Schmidt and Jenko, now friends and cops, apparently dressed as teenagers before going undercover into their old high school. Captain Dickson (Ice Cube) ordering them not to get with any school-girls or teachers.

Yet, there are fewer action scenes than one would have predicted; and, alas, the overwhelming majority of the humour revolves round repetitive, mindless jokes between the two main characters; swearing; and vulgarity. Of course all of this can be tolerable and hilarious in moderation. But the directors, Phil Lord and Chris Miller (Cloudy With A Chance Of Meatballs), have taken it all (shamefully) to the point when even the crude Steven Stifler (played by Sean William Scott in the American Pie series) might call a halt.

Combined with such coarseness in 21 Jump Street are the performances of Channing Tatum and Jonah Hill as Jenko and Schmidt,  respectively. The pathetic and overly immature nature of their attempts to behave in a ‘high school manner’ is embarrassingly terrible. Compared to them, Jay Cartwright (played by James Buckley in The Inbetweeners TV series and movie) is a relative grown up! Both Tatum and Hill can do better than this, as the former demonstrated in Coach Carter, and the latter in Superbad and Moneyball.

The poverty of the acting in 21 Jump Street is not Tatum’s and Hill’s alone. Ice Cube; Dave Franco (Superbad, Fright Night, Warm Bodies), playing as Eric, the ‘cool-guy’ of the school; and Brie Larson (Scott Pilgrim vs. The World, Rampart, Relanxious), playing as Schmidt’s love interest, are all insipid and far from funny. The only noteworthy performer is Johnny Depp (Pirates of the Caribbean I-IV, The Tourist, Transcendence), who makes a surprise cameo appearance as his old character, DEA Tom Hanson. That was a clever move by the directors to bring him in. With the film dragging on for a hundred and ten minutes, Depp gives the movie some much needed unpredictability and impetus.

Likewise, it was intelligent of Lord and Miller to alter the dynamics of Jenko’s and Schmidt’s former high school. This entailed that the two main characters had to adapt to virtually new surroundings, which could have given Jenko and Schmidt another dimension to their, otherwise, shallow personalities.
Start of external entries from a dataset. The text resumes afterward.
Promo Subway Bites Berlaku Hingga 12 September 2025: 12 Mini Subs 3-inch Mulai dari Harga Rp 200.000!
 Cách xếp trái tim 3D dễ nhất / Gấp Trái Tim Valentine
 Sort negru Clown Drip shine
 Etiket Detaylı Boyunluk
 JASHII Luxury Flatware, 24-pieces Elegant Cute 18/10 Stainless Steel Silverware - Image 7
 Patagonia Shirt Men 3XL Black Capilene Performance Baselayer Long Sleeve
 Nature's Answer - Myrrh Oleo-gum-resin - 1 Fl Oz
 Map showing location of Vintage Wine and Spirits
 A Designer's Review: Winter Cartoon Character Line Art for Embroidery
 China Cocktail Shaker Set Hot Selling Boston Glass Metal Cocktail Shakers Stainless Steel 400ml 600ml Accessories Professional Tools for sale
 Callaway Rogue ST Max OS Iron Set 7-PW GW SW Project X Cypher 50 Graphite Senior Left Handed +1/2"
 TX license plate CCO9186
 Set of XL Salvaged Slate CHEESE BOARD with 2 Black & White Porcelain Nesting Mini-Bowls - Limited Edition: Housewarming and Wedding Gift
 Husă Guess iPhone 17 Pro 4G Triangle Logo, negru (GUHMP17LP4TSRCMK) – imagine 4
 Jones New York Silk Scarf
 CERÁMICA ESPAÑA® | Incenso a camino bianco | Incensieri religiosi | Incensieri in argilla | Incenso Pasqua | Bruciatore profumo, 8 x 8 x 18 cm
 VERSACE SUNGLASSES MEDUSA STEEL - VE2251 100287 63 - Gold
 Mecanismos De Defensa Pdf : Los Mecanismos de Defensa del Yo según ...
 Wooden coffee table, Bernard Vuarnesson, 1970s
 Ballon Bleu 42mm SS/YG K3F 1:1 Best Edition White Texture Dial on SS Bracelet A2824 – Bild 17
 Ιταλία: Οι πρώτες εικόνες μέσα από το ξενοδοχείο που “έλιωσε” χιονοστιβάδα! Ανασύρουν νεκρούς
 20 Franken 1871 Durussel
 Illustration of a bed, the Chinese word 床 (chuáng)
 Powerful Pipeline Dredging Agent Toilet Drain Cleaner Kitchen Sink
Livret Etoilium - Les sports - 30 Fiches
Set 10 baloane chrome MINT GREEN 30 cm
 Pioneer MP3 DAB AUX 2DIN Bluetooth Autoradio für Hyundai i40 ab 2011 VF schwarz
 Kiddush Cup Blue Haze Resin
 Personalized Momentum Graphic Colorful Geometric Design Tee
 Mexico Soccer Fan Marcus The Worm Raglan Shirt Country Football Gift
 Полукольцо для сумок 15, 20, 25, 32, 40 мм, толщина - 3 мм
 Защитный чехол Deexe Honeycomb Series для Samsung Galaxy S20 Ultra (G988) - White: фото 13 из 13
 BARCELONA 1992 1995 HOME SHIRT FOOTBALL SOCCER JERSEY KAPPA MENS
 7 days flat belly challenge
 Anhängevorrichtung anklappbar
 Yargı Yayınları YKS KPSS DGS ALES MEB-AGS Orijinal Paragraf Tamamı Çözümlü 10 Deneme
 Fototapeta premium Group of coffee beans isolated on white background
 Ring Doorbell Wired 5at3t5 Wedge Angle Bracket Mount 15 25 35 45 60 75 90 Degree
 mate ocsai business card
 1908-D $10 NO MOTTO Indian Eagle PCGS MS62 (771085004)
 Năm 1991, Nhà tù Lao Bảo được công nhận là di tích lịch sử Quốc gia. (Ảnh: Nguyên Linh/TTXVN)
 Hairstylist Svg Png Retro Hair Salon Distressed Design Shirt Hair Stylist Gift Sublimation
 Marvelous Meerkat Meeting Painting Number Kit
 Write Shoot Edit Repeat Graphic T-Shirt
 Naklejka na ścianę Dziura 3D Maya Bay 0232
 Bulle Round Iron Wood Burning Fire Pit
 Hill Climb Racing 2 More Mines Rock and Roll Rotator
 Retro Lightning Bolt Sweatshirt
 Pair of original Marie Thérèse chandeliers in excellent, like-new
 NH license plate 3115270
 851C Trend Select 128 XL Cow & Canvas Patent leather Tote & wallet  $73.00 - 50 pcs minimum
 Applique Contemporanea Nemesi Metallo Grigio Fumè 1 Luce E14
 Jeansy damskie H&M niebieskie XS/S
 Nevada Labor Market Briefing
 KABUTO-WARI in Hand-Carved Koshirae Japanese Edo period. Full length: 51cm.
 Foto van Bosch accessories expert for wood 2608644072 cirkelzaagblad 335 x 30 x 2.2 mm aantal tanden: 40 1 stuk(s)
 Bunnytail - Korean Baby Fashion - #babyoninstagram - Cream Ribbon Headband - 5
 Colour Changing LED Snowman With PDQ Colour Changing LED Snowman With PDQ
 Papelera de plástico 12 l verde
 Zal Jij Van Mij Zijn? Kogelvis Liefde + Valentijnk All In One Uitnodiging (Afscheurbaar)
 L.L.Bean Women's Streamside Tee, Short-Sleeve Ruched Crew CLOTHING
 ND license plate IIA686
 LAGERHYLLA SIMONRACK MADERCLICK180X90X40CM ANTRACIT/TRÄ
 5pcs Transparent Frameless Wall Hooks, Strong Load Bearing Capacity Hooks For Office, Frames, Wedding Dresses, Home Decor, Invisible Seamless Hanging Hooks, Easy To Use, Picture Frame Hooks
Schmidt sitting with Molly (Brie Larson), the object of his fascination, as he tries to find a breakthrough and unearth who the drug suppliers are.

Yet, the directors badly under-developed these because they give little feel for how the school has changed. Worse, viewers are likely to ascertain almost no appreciation for this particular school or the American high school environment in general; especially, if one compares 21 Jump Street to the excellent Saved By The Bell series, or even the ‘chick flicks’ Mean Girls and John Tucker Must Die. All of those illustrated the different (albeit stereotypical) cliques, and the types of personalities within those cliques, that tend to exist in American high schools. But 21 Jump Street has almost none of it to the detriment of the movie.

Over-all, 21 Jump Street is a light-hearted film with two likeable main actors, who play daftly below their capabilities. The movie has a handful of laughable moments, but they’re overshadowed by the incessant obscene crudity that ruined ‘comedies’ like Due Date and The Hangover: Part II. Neither of those films made audiences cry with laughter as much, or as often as The Inbetweeners Movie. The same can be said for 21 Jump Street.